To be clear, I don't like the idea that author identifiers can be imported separately through some direct not-already existing API side mechanism, because it'll be a nightmare to document and maintain. What's worse, I can't even tell by looking at existing code or documentation whether it's already been done or not. I don't see the the value in having a special 'Wikidata sourced side import channel', where there are already general purpose APIs to import and modify existing records.

This is why I think such changes need planning and discussion. As it is, I don't see a clear purpose to the changes in the PR, and don't really know how to evaluate them. (Other than don't add new single source import channels)

is dependent on Import endpoint should allow for any (known) author identifiers #9448 to expand the import schema to accept author identifiers in the first place. "compares incoming import author records to author remote_ids" is jumping the gun considerably, and I'm worried it's based on assumptions about the import process that have not be made explicit, and may miss some of the general requirements for OL imports. It does seem surprising that OL doesn't use author identifiers to match authors, but it hasn't been a problem that has been explicitly described in well over a decade of importing books.
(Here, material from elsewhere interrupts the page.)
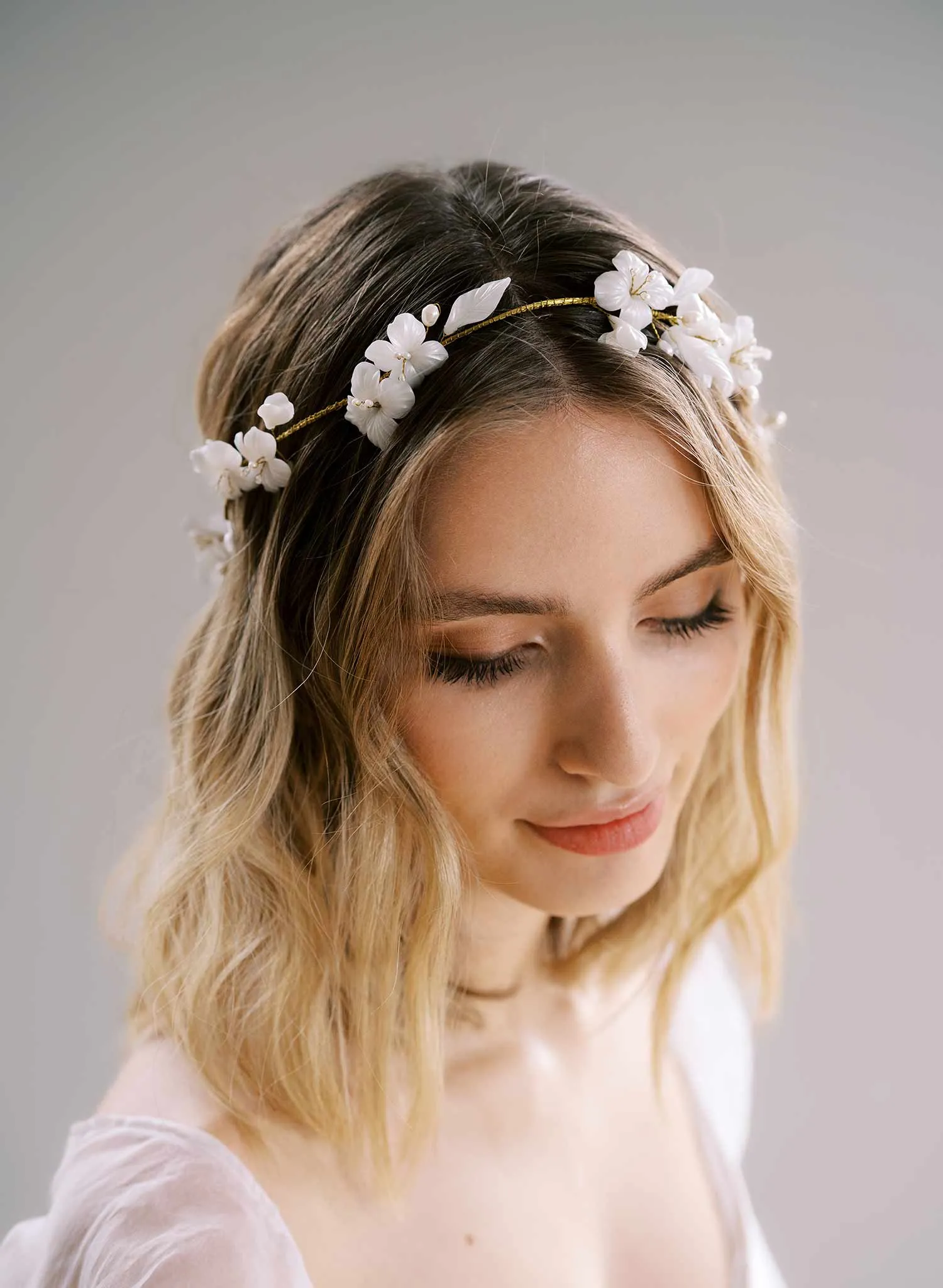 Pearlescent modern floral hair vine - Style #2402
To make the change it'd help to have some clear examples of what is wrong with the existing import process and what was expected.

The problems you noticed with "the output of the Wikisource script, I noticed that its records were producing duplicated authors on import" are not described anywhere, so it's hard to comment on expectations and what is needed to fix it. I think there should be a new issue with existing-import format examples and results, along with your expectations for discussion and coming up with a suitable solution. There could be problems with the input format, but the basic author-matching feature is broader than just Wikisource, so there are probably other factors to consider.
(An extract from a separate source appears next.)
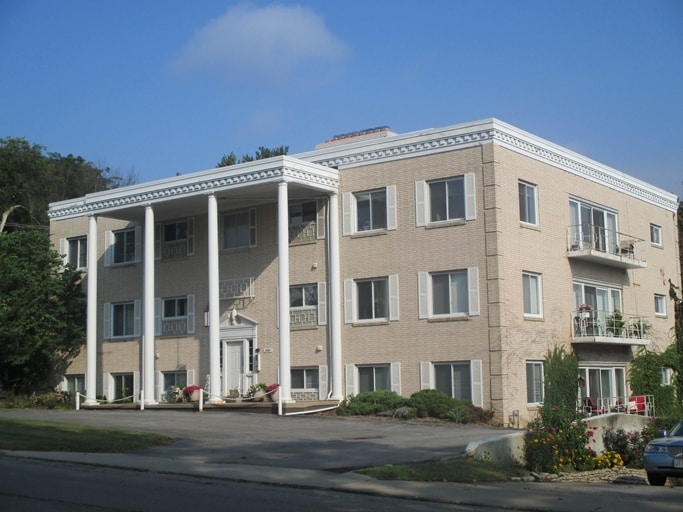 Primary Photo Of 4044 W Bancroft St, Toledo Apartments For Sale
This core feature, import books from Wikisource, could just be implemented as an atomic MVP using the existing book import format which would make it easier to review. Any shortcomings raised by a new import source could then be made very clear and we can work on making the entire import process better. The current multiple-interelated drafts are confusing things and priorities.

FWIW, I think #9448 (accept author identifiers on import, just for basic display purposes at minimum) is the most valuable. 2, using author identifiers to disambiguate authors is probably the most work, but I'd need to see some clear demonstrations of the problem first. I feel that a correct solution might be more subtle that it seems, have other implications, or involve assumptions that need clarification. It may not add as much value as it first seems either, but examples will hopefully demonstrate that either way.

pidgezero-one · 2024-12-03T06:03:52Z

@hornc

I can't tell if this PR is adding another import-like side channel (I think it is), or whether a import-like side channel was already added for some wikidata sourced values? I didn't like the idea of creating a 'Wikidata table' in OL, and I don't think it has been fully justified.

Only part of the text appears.